Visa and American Express cover the cost of towing and any fees the rental car company charges for the rental vehicle being out of use, but others don't. Discover cards don't cover loss-of-use charges, and only Discover's Escape credit card covers towing fees. (Again, MasterCard customers must call for details.)
Don't forget the restrictions. Many credit cards don't cover certain types of luxury vehicles, moving vans or trucks, or even passenger vans, says Sharon Faulkner, executive director of the American Car Rental Association. That means you may have to rely on the coverage offered by the rental company.
Other credit cards limit the rental time or restrict where you can rent. For example, American Express' loss and damage waiver only covers the first 30 days of the rental, while Visa doesn't cover car rentals made in Israel, Jamaica, the Republic of Ireland or Northern Ireland.
"You'd better understand what the exclusions are," says Ulzheimer, "especially if you rent a car and take it across state or country lines."
Your choices for loss and damage coverage aren't always just between your credit card and the car rental company. Often, a personal auto policy covers car loss and damage to a car rental, and it could be more comprehensive than your credit card's coverage. Plus, you don't have to use a particular credit card to get the coverage. Check with your insurance agent to find out what your personal policy offers.

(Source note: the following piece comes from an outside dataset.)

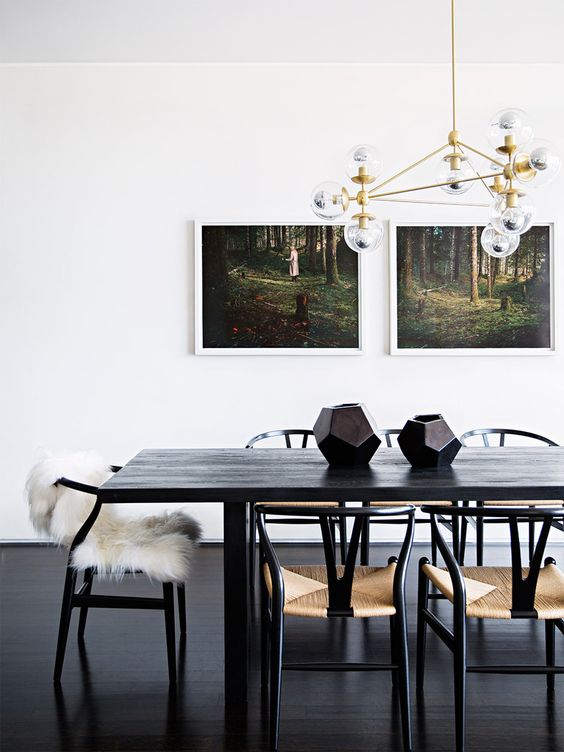 negro para decorar Sillatea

Know that your personal auto policy may have a deductible that you need to cover in the off chance something happens with your rental. If you book the rental car under your credit card that offers a loss and damage waiver, the card may pay the deductible as a secondary coverage to your auto policy. It pays to ask your credit card company if it covers your personal auto policy deductible.
If you're traveling for business, check with your employer about company travel insurance that covers car rentals before depending on your credit card or personal auto policy, says Faulkner.
"The car rental company is just as happy to collect from your credit card company or personal auto policy to cover a damaged rental car," says Faulkner, who owned a Dollar and Thrifty car rental franchise in Albany, N.Y., for more than a decade. "Don't assume that a car rental company's coverage options are a high-sales tactic."